AWS Database Best Practices: RDS, DynamoDB, and ElastiCache Guide

Master AWS database selection and architecture. Learn RDS engine selection, DynamoDB modeling, ElastiCache patterns, read replicas, multi-AZ deployments, and database migration strategies.

12 min read
By CloudBridgeHub

Technical TL;DR


Database = Application Heart. Wrong choice = re-architecture.


Key takeaways:

  • **RDS for relational** (MySQL, PostgreSQL, SQL Server, Oracle, MariaDB, Aurora)
  • **DynamoDB for NoSQL** (single-digit ms latency, unlimited scale)
  • **ElastiCache for caching** (Redis, Memcached)
  • **Multi-AZ for HA** (automatic failover, synchronous replication)
  • **Read Replicas for scaling reads** (asynchronous, eventual consistency)
  • **Aurora for cloud-native** (5x MySQL performance, auto-storage)

  • ---


    1. Database Selection Framework


    1.1 Relational vs. NoSQL Decision


    Start with relational (RDS). Only use NoSQL if specific requirements demand it.
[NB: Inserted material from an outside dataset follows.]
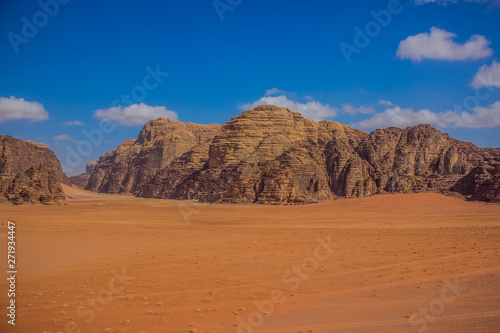 picturesque panorama photography of beautiful Wadi Rum desert scenery landscape in Middle East Jordan country with sand valley and mountain ridge background, travel destination place for tour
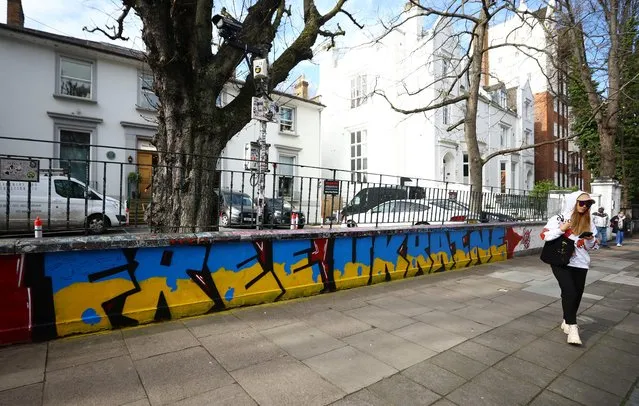A woman walks past graffiti in support of Ukraine outside the Abbey Road Studios, as Russia's invasion of Ukraine continues, in London, Britain, March 14, 2022. (Photo by Hannah McKay/Reuters)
    | Requirement | RDS (Relational) | DynamoDB (NoSQL) |

    |-------------|------------------|------------------|

    | **Structured data, fixed schema** | ✅ Best Choice | ❌ Not designed for |

    | **Complex joins, transactions** | ✅ ACID compliant | ❌ No joins |

    | **Ad-hoc queries, BI tools** | ✅ SQL standard | ❌ No query language |

    | **Single-digit ms latency at any scale** | ❌ Performance degrades | ✅ Consistent performance |

    | **Simple access patterns (key-value)** | ⚠️ Overkill | ✅ Optimized for |

    | **Auto-scaling writes** | ❌ Manual scaling | ✅ Unlimited scale |

    | **Eventual consistency acceptable** | ⚠️ Can be configured | ✅ Default behavior |


    1.2 RDS Engine Selection


    Choose the right RDS engine based on requirements and team skills.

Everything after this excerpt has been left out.